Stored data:
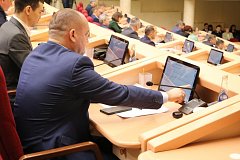 Парламентарии обязали глав муниципалитетов чаще встречаться с жителями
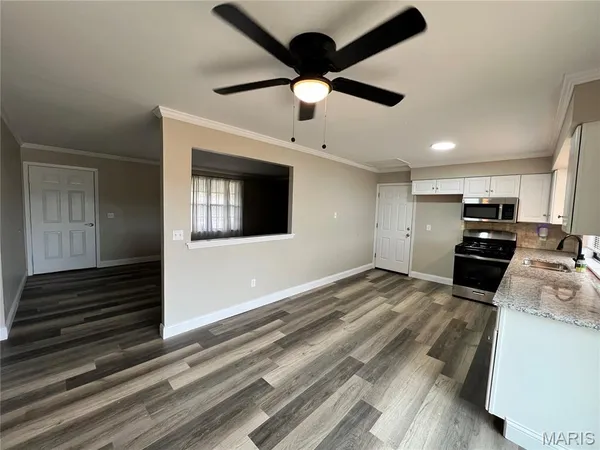 $309,900 | 158 Universal Drive, St. Peters, MO 63376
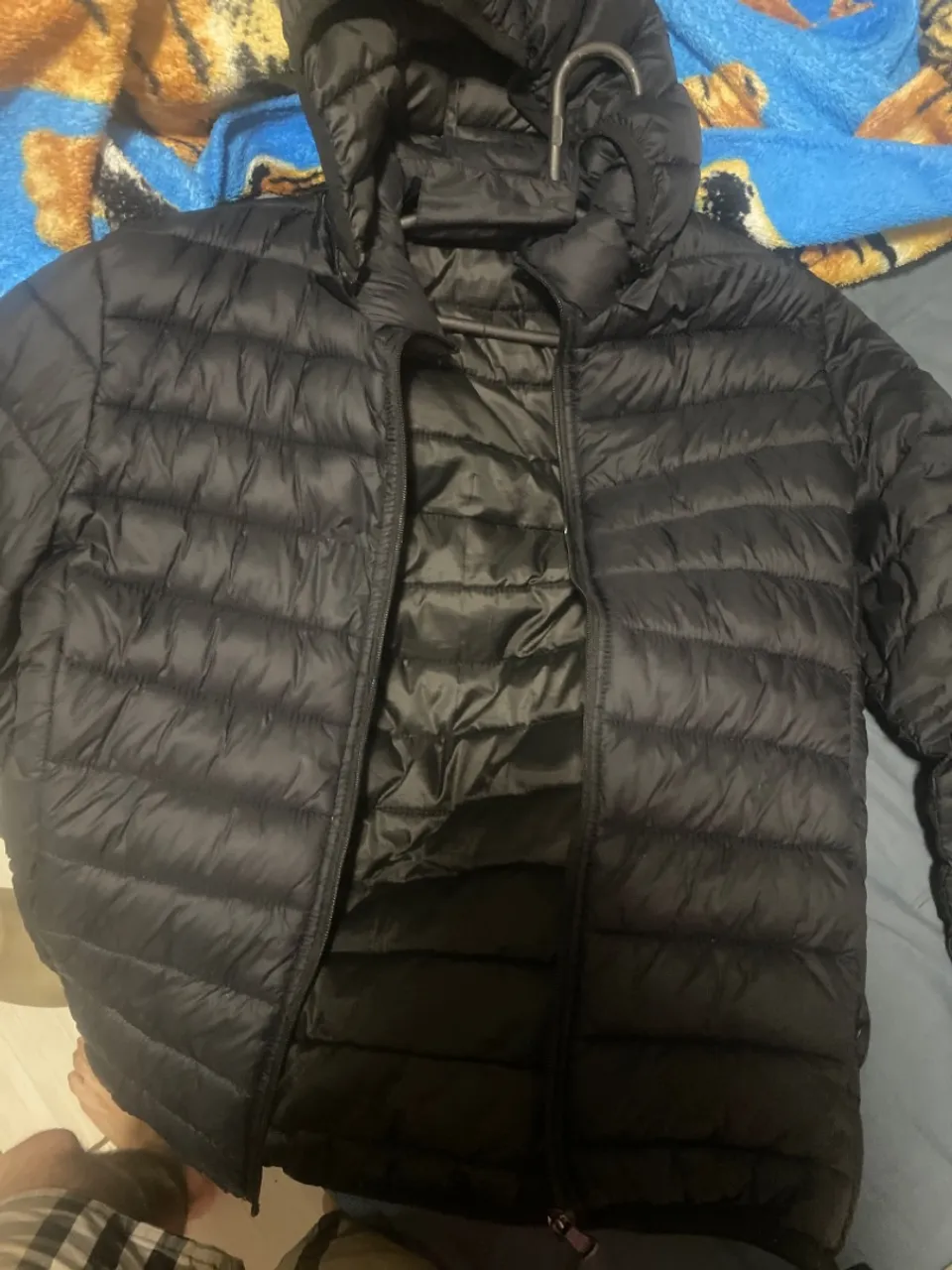Jaqueta puffer preta com capuz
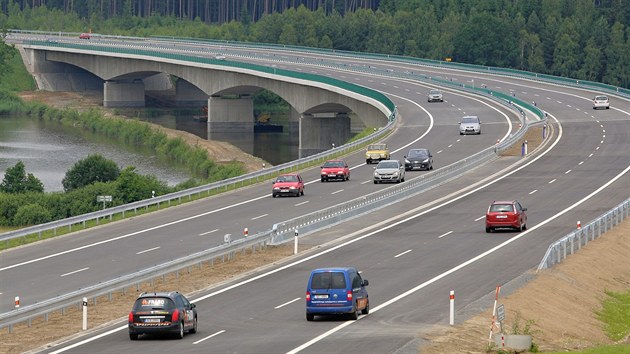 Nov sek dlnice D3 spojil Tbor a Vesel nad Lunic. idii se po nm poprv projeli 28. ervna.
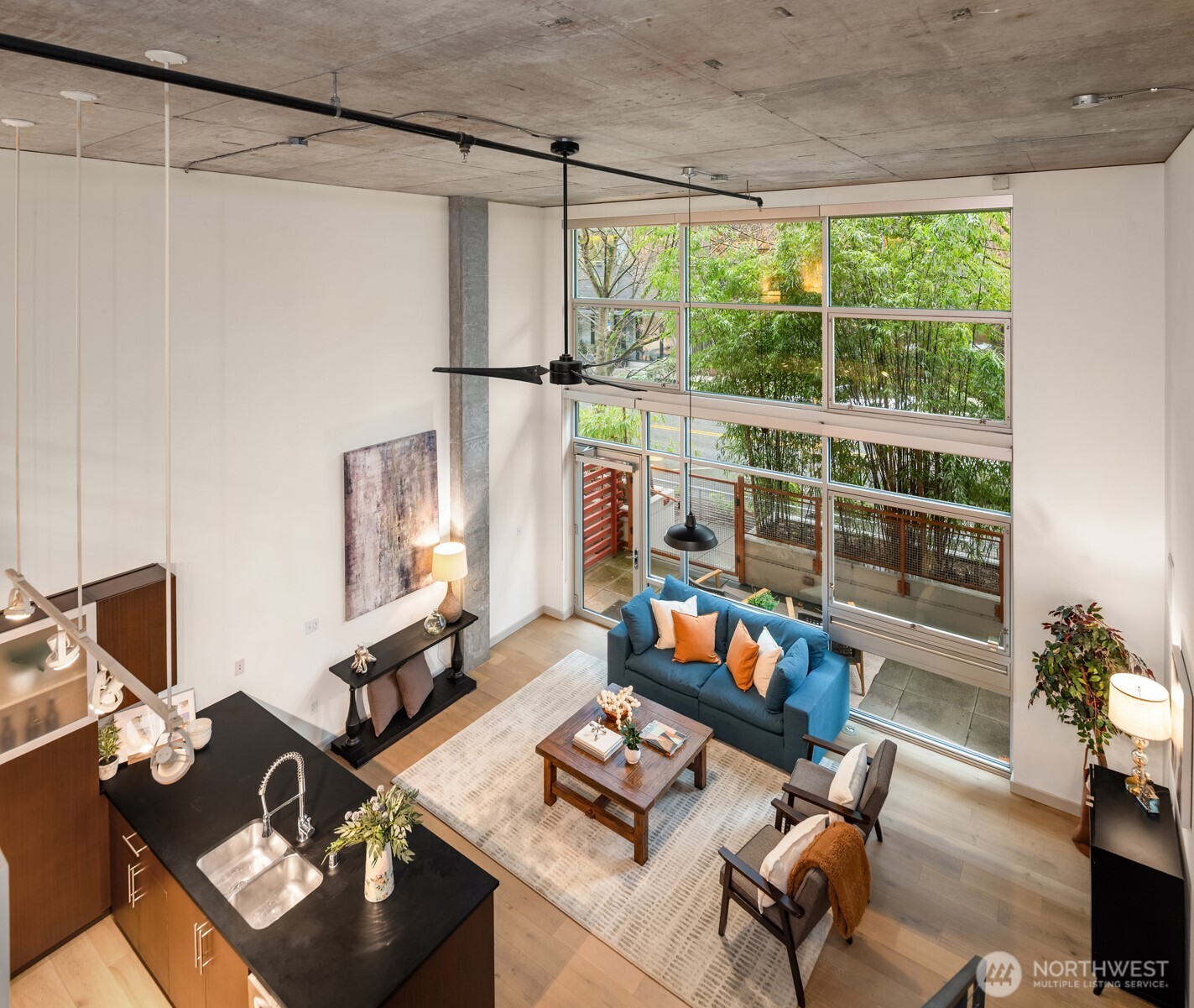 401 9th Avenue N #102, Seattle, WA 98109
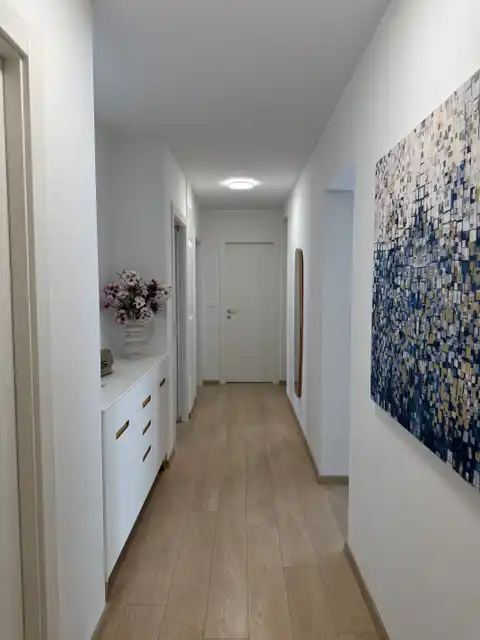 Split, Strožanac – For rent, three-room apartment 103 m² loggia jacuzzi parking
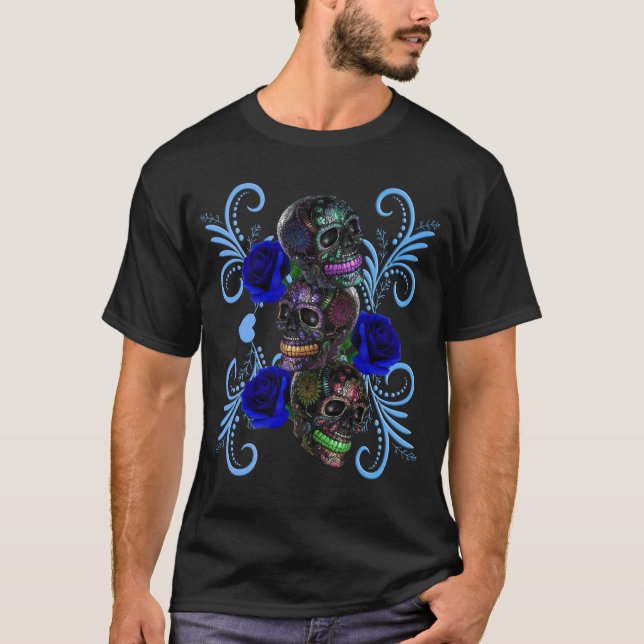 Camiseta Triplo Dia Negro Dos Cascos Mortos Com Rosa Azul (Frente)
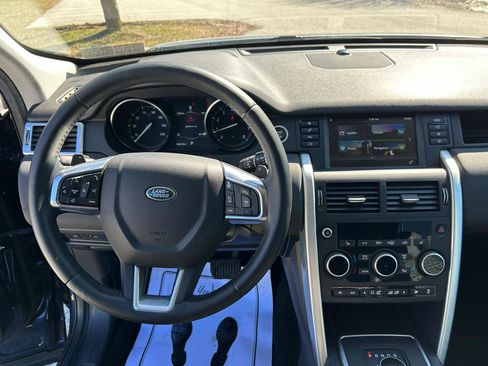Used 2017 Land Rover Discovery Sport SE image 20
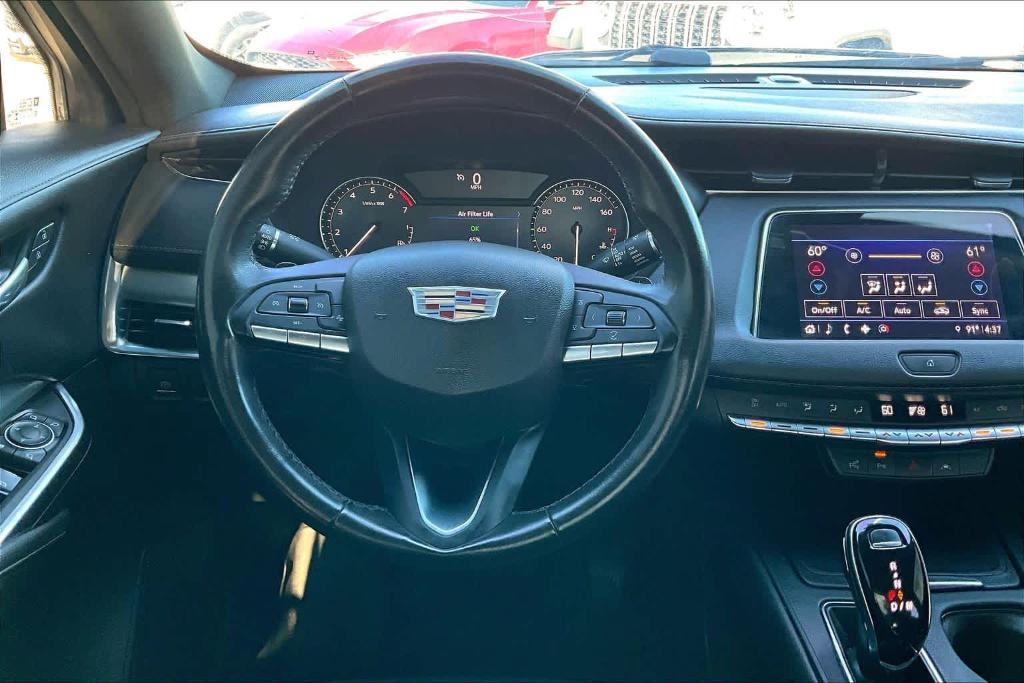 used 2022 Cadillac XT4 car, priced at $22,600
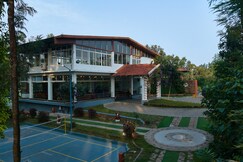 Address of Coffee Grove Resort 
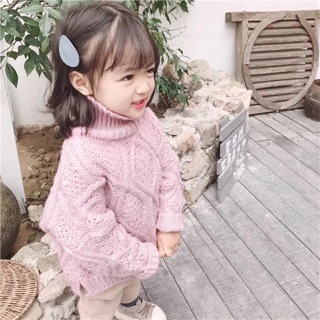 Áo len cao cổ bé gái
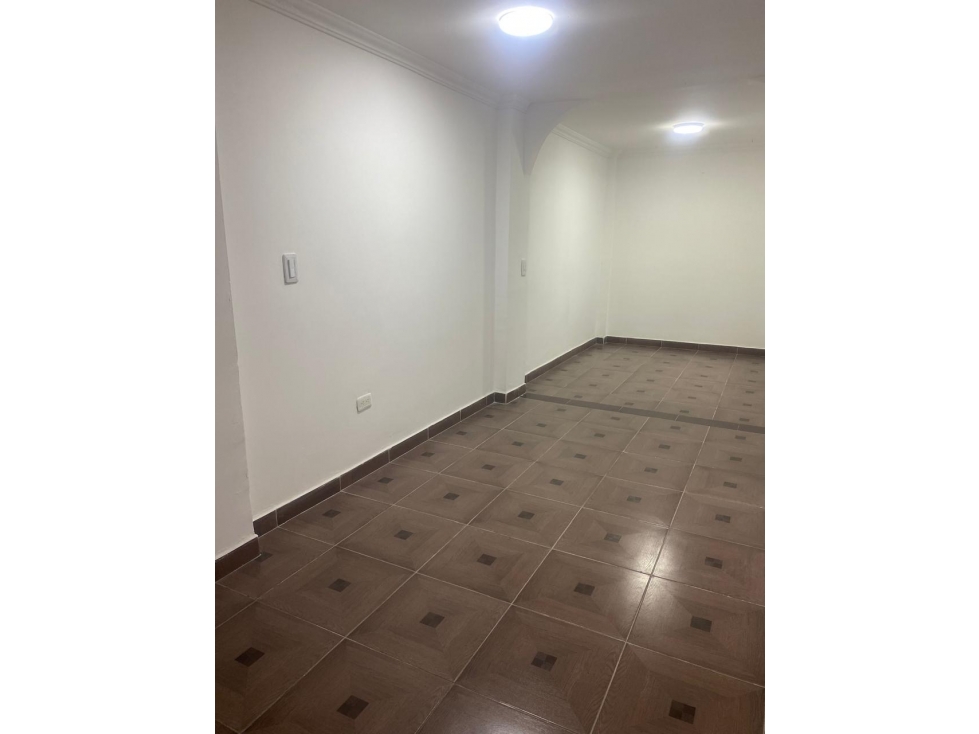 CASA EN VENTA EN CUBA 3 NIVELES CON OPCIÓN DE AMPLIACIÓN — foto 6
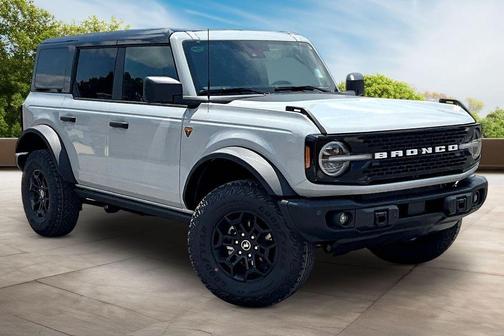 Avalanche Gray 2026 Ford Bronco Badlands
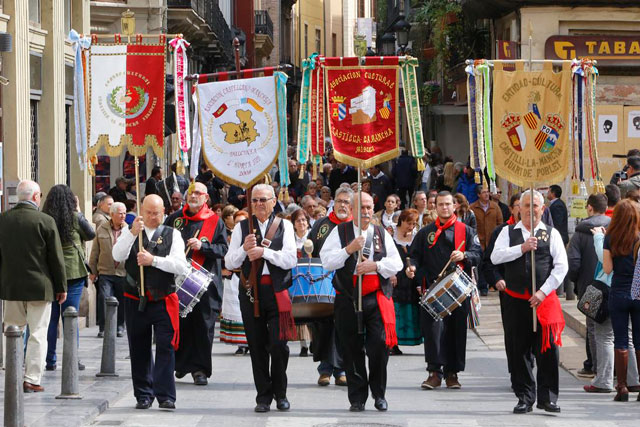 La Junta aprueba una línea de ayudas para comunidades originarias y casas regionales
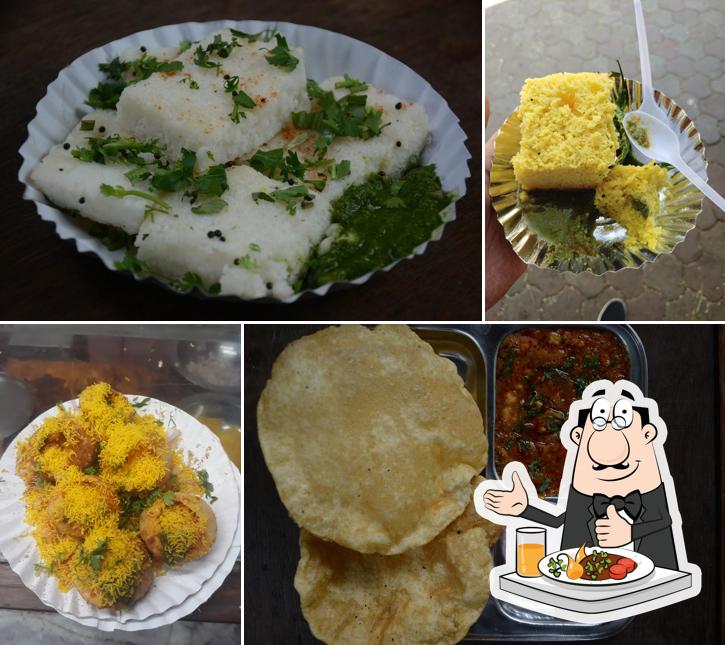 Food at Gujarat Lodge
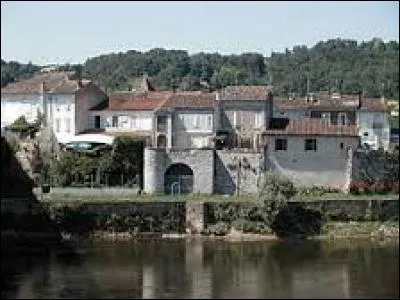 Ville aquitaine de l'aire urbaine de Bergerac, Port-Sainte-Foy-et-Ponchapt se situe dans le département ...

● **What you are asked to do**: Please reproduce the lines exactly from the one containing "Áo len cao cổ bé gái" through the last line of the data above, and keep the pictures out.

● **Solution**:
 Áo len cao cổ bé gái
 CASA EN VENTA EN CUBA 3 NIVELES CON OPCIÓN DE AMPLIACIÓN — foto 6
 Avalanche Gray 2026 Ford Bronco Badlands
 La Junta aprueba una línea de ayudas para comunidades originarias y casas regionales
 Food at Gujarat Lodge
 Ville aquitaine de l'aire urbaine de Bergerac, Port-Sainte-Foy-et-Ponchapt se situe dans le département ...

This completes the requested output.